To accommodate wireless subscribers with disabilities, the rules require that participating carriers transmit messages with "vibration cadence" and audio attention signals.
There are three types of messages that will be delivered. The top level is Presidential Alerts, related to national emergencies. The second level is Imminent Threat Alerts, with information on emergencies that could pose imminent risks. The third is an extension of the Child Abduction Emergency or AMBER alerts, an existing system that transmits alerts about children missing or endangered because of an abduction or runaway situation.

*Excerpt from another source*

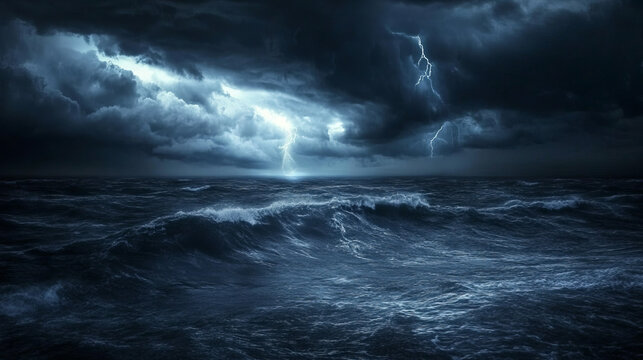 A dark stormy night over the ocean with storm clouds blocking the moonlight and churning waves weather anger sadness depression mental illness sense of loss concepts danger background with copy space - Powered by Adobe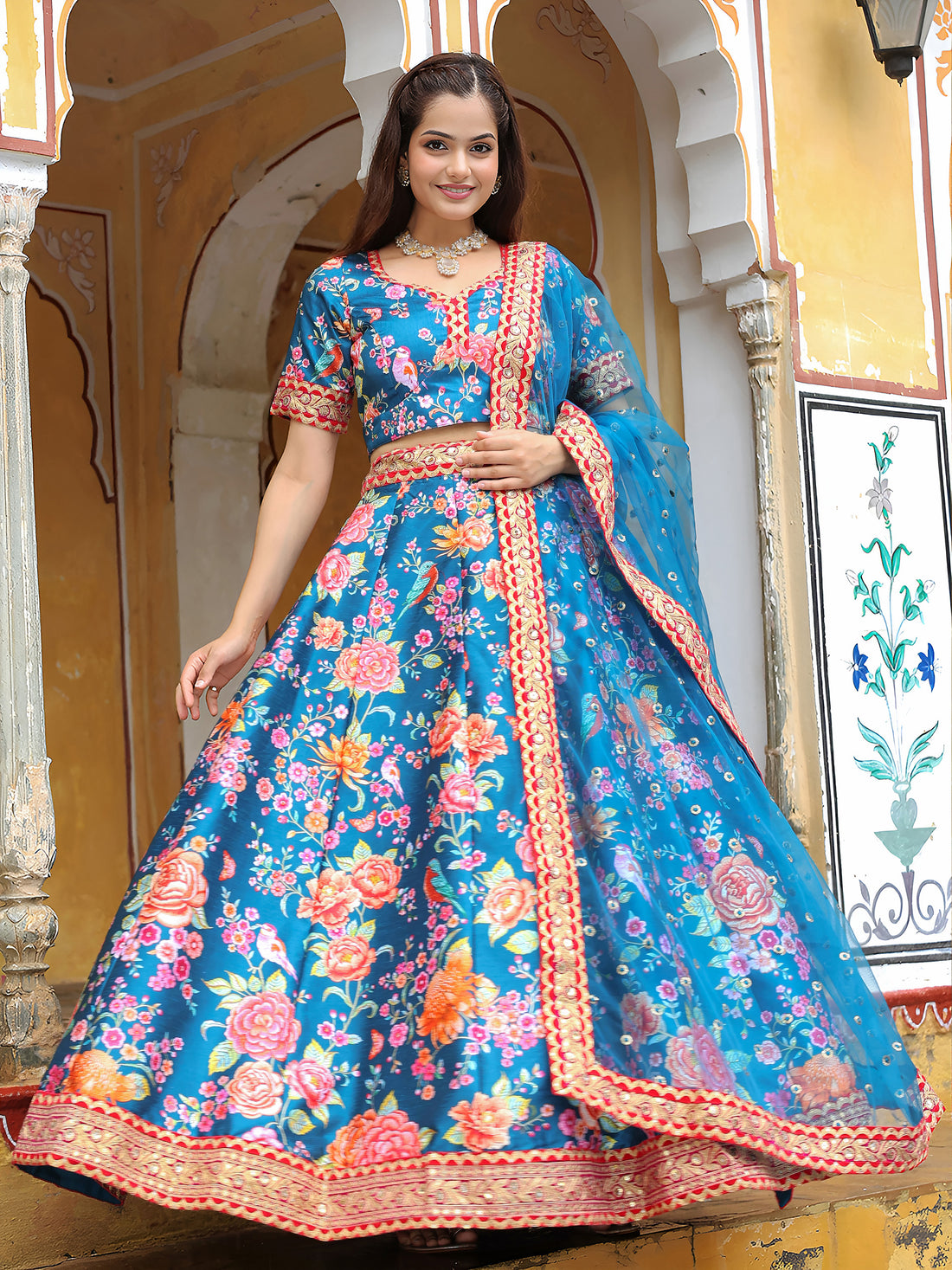 ResellerMart Bollywood Style Royal Blue Lehenga with Heavy Border | Latest Ethnic Collection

Subscribers with roaming agreements will need to have a mobile device configured to receive alerts in the network to which they've moved.
'Not a New Set of Technologies'
Peter Jarich, an analyst with industry research firm Current Analysis, said that, "unless the costs of implementing this are prohibitive," he expects a number of carriers to participate if its availability is widely publicized. Otherwise, he noted, "it could look bad if [they] didn't."
Although the costs of carrier participation are not evident, Jarich noted that "we're talking about text messaging, not a new set of technologies or a new network."
But the FCC did have a setback recently in trying to establish a new network for emergency communication. The recently completed auction of frequencies in the 700-MHz spectrum included the upper 700-MHz D block. But the FCC had to de-link it from the rest of the auction, saying the bids had not met the $1.3 billion minimum price.
The D block was established for a public/private partnership that would guarantee public-safety agencies bandwidth access in emergencies. The FCC has said it will need to "consider its options for how to license this spectrum."